I mean, there’s nowhere else to go here.

The pavement I walked on just ended.

There’s just the cliff and after it – a Pacific ocean that seems to have merged with the gray sky.

So I’m standing at an edge, then – another one.

The cliff is almost provocative in its sheer ugliness: Mud-brown dirt sloping hundreds of feet down straight into the traffic-congested highway, the only fragile fence that seems to hold the back the cliff’s secret desire to collapse, and take with it all the houses perked on here on its edge, and me, crashing right down into the dark depths below the angry Pacific surf.

Lima could have gone on, but it didn’t.

It would have been simple, though, for an 8-million inhabitant mega-city such as this to just go on.
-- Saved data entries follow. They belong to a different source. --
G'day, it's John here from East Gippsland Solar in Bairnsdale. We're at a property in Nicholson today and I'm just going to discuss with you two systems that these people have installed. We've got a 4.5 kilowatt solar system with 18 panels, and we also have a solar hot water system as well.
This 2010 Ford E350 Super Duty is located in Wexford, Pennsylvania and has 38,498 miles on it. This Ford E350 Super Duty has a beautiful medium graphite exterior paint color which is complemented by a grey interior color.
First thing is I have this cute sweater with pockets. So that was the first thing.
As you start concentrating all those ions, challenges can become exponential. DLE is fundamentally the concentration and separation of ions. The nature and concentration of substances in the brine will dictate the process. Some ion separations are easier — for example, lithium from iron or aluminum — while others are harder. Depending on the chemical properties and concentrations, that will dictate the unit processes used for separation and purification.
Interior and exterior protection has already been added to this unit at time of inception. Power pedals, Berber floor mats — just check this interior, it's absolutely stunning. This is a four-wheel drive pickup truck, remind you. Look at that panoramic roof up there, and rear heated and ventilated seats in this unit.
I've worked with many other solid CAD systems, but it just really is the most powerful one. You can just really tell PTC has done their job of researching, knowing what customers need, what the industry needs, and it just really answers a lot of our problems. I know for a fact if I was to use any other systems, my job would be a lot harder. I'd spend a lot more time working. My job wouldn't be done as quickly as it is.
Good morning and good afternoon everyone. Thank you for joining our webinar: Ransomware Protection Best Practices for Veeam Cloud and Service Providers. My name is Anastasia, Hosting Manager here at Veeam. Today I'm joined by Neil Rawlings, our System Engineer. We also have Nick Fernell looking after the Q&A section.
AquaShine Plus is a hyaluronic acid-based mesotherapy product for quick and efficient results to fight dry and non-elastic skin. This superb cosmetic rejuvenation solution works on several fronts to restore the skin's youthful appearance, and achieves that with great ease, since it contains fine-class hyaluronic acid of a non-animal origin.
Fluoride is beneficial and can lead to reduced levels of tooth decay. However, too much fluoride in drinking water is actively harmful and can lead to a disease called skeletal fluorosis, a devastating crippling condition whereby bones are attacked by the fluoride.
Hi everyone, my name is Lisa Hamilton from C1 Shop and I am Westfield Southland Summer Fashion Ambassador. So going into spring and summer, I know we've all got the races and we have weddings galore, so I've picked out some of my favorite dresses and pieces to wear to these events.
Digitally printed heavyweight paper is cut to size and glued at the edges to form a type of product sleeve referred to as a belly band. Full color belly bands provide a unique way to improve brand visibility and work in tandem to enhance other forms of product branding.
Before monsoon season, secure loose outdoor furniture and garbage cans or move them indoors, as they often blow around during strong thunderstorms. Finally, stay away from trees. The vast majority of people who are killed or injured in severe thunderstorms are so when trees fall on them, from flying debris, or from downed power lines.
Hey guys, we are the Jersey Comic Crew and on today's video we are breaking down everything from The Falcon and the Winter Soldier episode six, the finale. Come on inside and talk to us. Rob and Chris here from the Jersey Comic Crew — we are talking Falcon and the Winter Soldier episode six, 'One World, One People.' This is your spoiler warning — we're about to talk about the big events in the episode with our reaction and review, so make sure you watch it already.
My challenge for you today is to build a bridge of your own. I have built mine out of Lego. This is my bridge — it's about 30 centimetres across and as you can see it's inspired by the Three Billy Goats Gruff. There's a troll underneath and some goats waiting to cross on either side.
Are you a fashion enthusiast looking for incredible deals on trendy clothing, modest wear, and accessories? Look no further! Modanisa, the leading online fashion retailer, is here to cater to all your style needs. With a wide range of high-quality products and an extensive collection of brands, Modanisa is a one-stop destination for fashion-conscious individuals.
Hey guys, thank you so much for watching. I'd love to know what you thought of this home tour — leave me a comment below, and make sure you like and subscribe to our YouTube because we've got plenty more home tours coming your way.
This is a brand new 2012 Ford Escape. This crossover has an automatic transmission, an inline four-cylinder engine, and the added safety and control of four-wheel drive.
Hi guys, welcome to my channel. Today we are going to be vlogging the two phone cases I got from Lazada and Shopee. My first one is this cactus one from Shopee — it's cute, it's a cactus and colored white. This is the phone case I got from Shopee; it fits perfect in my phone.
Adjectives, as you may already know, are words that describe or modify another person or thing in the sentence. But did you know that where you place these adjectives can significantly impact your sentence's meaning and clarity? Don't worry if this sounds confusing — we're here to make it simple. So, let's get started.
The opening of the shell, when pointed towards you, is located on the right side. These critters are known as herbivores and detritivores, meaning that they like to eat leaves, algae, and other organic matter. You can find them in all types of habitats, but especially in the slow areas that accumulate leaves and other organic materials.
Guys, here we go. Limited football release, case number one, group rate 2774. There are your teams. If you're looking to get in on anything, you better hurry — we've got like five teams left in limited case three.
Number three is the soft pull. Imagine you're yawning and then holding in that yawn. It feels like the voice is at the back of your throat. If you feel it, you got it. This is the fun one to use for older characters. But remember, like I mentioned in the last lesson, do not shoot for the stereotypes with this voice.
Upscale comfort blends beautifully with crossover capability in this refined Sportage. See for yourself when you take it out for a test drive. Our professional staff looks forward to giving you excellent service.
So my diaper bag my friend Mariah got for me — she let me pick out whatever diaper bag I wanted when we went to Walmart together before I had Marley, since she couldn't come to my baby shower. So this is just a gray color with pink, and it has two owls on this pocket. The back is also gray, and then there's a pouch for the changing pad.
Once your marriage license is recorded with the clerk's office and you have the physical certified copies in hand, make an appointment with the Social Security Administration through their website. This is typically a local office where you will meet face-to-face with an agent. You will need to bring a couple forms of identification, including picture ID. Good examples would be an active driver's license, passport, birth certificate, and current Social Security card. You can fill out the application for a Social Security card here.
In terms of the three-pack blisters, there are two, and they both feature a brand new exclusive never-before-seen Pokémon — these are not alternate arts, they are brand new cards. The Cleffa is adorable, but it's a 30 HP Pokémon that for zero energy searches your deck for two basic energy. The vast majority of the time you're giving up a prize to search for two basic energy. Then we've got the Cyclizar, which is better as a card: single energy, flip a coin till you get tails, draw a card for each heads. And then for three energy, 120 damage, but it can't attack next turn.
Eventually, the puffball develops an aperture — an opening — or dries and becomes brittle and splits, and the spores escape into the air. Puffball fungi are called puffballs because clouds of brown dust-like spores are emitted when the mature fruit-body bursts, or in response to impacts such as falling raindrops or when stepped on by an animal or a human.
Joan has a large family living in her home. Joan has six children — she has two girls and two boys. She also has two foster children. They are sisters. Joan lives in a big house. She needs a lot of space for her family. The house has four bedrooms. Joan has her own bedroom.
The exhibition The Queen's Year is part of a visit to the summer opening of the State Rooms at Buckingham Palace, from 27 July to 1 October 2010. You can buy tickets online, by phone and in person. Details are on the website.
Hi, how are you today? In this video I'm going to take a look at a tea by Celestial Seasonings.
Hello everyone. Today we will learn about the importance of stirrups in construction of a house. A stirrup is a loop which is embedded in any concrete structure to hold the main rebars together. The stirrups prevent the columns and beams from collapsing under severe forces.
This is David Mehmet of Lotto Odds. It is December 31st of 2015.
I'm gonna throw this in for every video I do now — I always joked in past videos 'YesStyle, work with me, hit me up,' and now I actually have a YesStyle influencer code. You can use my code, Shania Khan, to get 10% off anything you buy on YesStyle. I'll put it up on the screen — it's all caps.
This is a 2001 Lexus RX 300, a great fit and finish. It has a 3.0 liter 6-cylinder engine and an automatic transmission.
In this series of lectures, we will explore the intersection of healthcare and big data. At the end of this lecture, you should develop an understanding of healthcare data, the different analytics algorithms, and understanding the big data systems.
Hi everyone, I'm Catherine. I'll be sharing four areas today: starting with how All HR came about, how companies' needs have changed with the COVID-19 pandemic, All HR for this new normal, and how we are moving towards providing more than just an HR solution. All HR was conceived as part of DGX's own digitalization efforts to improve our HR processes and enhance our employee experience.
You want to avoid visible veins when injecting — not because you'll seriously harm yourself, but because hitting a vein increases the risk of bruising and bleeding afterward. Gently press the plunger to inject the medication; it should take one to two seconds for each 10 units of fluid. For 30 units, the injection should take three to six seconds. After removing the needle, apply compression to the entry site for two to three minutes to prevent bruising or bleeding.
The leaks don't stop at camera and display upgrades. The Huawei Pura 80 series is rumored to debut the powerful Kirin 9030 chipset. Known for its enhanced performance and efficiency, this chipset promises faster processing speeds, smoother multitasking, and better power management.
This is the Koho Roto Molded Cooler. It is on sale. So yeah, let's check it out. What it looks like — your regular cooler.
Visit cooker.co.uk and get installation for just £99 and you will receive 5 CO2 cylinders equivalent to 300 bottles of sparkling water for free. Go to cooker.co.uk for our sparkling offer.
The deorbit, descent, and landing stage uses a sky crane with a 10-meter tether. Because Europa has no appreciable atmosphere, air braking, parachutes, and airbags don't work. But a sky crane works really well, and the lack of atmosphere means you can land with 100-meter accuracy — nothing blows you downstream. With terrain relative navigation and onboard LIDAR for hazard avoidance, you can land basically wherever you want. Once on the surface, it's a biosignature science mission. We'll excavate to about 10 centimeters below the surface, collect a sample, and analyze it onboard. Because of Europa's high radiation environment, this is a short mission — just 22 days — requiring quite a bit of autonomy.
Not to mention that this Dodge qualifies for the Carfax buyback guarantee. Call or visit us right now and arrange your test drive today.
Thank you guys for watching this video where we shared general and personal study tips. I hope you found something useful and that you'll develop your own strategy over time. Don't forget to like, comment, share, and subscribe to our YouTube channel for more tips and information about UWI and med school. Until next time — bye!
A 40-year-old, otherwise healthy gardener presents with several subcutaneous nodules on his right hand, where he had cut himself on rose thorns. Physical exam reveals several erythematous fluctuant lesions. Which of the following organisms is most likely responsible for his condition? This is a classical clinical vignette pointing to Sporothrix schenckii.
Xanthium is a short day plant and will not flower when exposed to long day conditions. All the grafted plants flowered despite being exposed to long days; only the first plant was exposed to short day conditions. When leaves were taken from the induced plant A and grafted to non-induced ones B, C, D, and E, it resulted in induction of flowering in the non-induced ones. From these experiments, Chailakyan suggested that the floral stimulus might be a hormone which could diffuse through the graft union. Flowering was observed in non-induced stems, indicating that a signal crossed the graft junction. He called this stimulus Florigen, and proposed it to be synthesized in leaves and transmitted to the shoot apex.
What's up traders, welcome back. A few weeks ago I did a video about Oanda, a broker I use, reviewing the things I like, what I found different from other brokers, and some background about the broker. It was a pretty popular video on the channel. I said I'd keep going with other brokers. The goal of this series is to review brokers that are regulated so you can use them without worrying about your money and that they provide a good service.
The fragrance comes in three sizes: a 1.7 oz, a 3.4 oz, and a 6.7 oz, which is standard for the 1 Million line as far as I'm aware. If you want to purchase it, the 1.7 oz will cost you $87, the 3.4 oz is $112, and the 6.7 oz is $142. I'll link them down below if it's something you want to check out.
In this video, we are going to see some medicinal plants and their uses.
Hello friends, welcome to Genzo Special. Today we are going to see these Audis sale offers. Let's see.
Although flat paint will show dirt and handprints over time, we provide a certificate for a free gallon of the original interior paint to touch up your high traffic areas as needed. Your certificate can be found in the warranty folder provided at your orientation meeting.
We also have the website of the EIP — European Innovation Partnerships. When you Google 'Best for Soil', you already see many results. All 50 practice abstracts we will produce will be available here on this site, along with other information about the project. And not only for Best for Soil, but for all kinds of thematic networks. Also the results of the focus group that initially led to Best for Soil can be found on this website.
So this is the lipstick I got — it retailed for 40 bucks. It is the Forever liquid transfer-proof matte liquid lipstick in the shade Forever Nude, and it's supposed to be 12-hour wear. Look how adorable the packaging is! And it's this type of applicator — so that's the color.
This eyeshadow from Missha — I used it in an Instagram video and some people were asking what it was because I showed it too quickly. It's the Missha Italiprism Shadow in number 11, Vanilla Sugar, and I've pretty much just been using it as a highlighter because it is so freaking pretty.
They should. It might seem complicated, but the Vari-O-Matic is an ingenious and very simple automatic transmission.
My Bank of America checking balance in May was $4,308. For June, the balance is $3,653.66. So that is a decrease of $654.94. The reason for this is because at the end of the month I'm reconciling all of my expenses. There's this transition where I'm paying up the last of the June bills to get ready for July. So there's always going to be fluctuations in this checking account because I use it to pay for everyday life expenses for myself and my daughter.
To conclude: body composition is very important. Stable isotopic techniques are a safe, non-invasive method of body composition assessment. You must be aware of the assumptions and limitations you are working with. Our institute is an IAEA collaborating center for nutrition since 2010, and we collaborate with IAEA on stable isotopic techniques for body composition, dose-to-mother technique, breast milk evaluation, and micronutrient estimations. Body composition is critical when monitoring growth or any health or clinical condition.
After all that is what mega-cities do.

It is a cold, misty morning – like most mornings here in the vaguely greened seaside neighborhood of Miraflores, where I am hiding out.

The only way you can see the morning, is in fact, because the perpetual mist has shifted from black to white.

The mist of Lima is Lima.

You can’t extract it anymore from the city than you can extract the houses or the people. Here you are never really outside, because you are always in a prison of mist.

I have just been walking slowly down one of the streets that run along the cliff, then I turned, and then … stopped. The street ended in oblivion. The asphalt literally has been chewed off by the cliff’s dirt-brown gums.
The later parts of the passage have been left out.